Non serve essere a Milano per portare in tavola una cotoletta alla milanese fatta come si deve. Quello che conta è la materia prima, la panatura corretta e una frittura fatta con calma. È un secondo piatto semplice solo in apparenza, perché ogni dettaglio influisce sul risultato finale.

Una ricetta iconica, amata da grandi e piccoli, perfetta per il pranzo della domenica ma anche per una cena veloce che mette tutti d’accordo.

Ingredienti per la vera cotoletta alla milanese

Pochi ingredienti, scelti con attenzione, sono sufficienti. La qualità della carne e del burro fa la differenza.

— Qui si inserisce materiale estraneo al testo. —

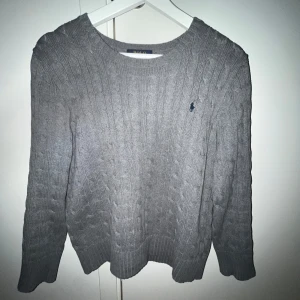 Grå kabelstickad tröja från Ralph Lauren - Säljer en stilren grå kabelstickad tröja från Ralph Lauren med kabelstickat mönster. Tröjan har en klassisk rund hals och långa ärmar. Perfekt för kyligare dagar. Säljer då den är för liten. Tröjans skick är ca 9/10. Nypriset är 2000kr och jag säljer för 649kr vilket är ett riktigt bra pris om du frågar mig😊 fråga gärna frågor om hur lång du bör vara för den ska passa osv🙌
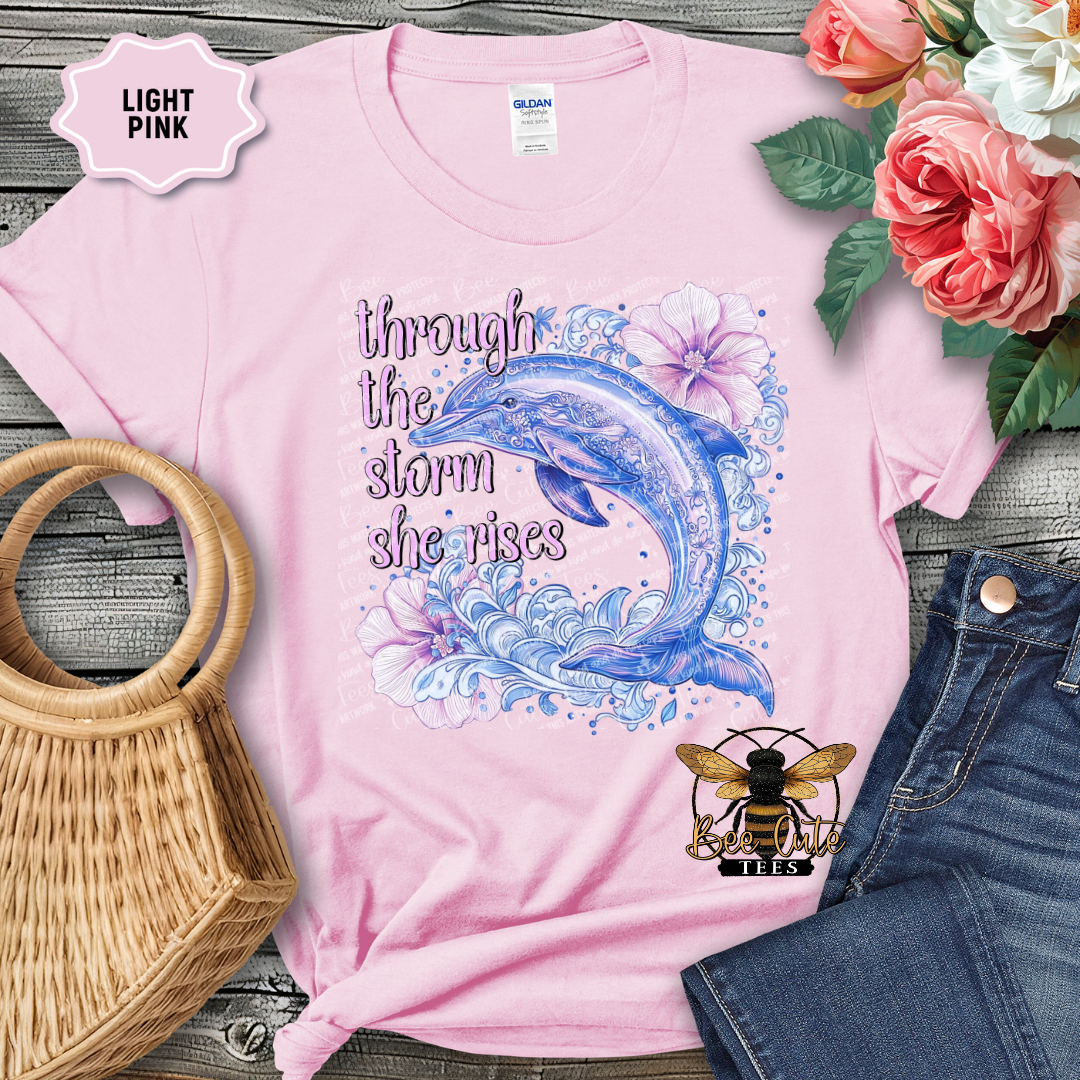 Pink t-shirt with dolphin design and text 'through the storm she rises' on a wooden surface with flowers and jeans.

  • 4 costolette di vitello con l’osso
  • 2 uova
  • Pane grattugiato fine quanto basta
  • Burro chiarificato quanto basta
  • Sale quanto basta

Il procedimento corretto passo dopo passo

  1. Batti leggermente le costolette tra due fogli di carta forno, senza rompere la carne.
  2. Sala le costolette solo su un lato.
  3. Sbatti le uova in un piatto senza aggiungere sale.
  4. Passa la carne prima nell’uovo, poi nel pane grattugiato, premendo bene con le mani.
  5. Ripeti il passaggio una seconda volta, se necessario, per una panatura più spessa.
  6. Scalda abbondante burro chiarificato in una padella larga.
  7. Quando il burro è ben caldo, aggiungi le costolette.
  8. Cuoci a fuoco medio, girandole una sola volta.
  9. Prosegui la cottura finché la superficie è ben dorata e croccante.

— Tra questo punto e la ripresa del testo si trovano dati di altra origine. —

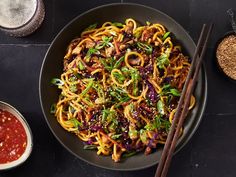 a bowl filled with noodles and vegetables next to chopsticks on a black surface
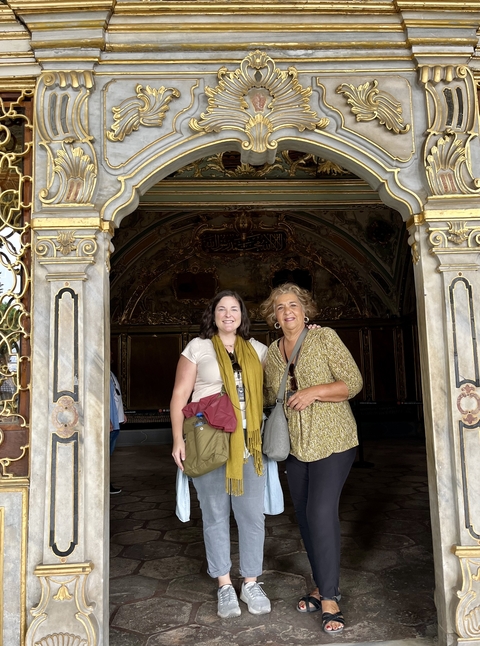       Two women posing at an ornately decorated entrance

Scola la cotoletta su carta assorbente e aggiungi un pizzico di sale solo alla fine. Deve risultare asciutta, dorata e fragrante.

Perché funziona sempre, ovunque tu sia

La cotoletta alla milanese riesce bene anche lontano dalla Lombardia perché è una ricetta di tecnica, non di geografia. Se la carne è giusta e la frittura è fatta nel modo corretto, il risultato non tradisce.

Un piatto semplice ma rigoroso, che dimostra come bastino pochi gesti fatti bene per ottenere un grande classico, anche a Roma o ovunque ci sia una cucina e una padella.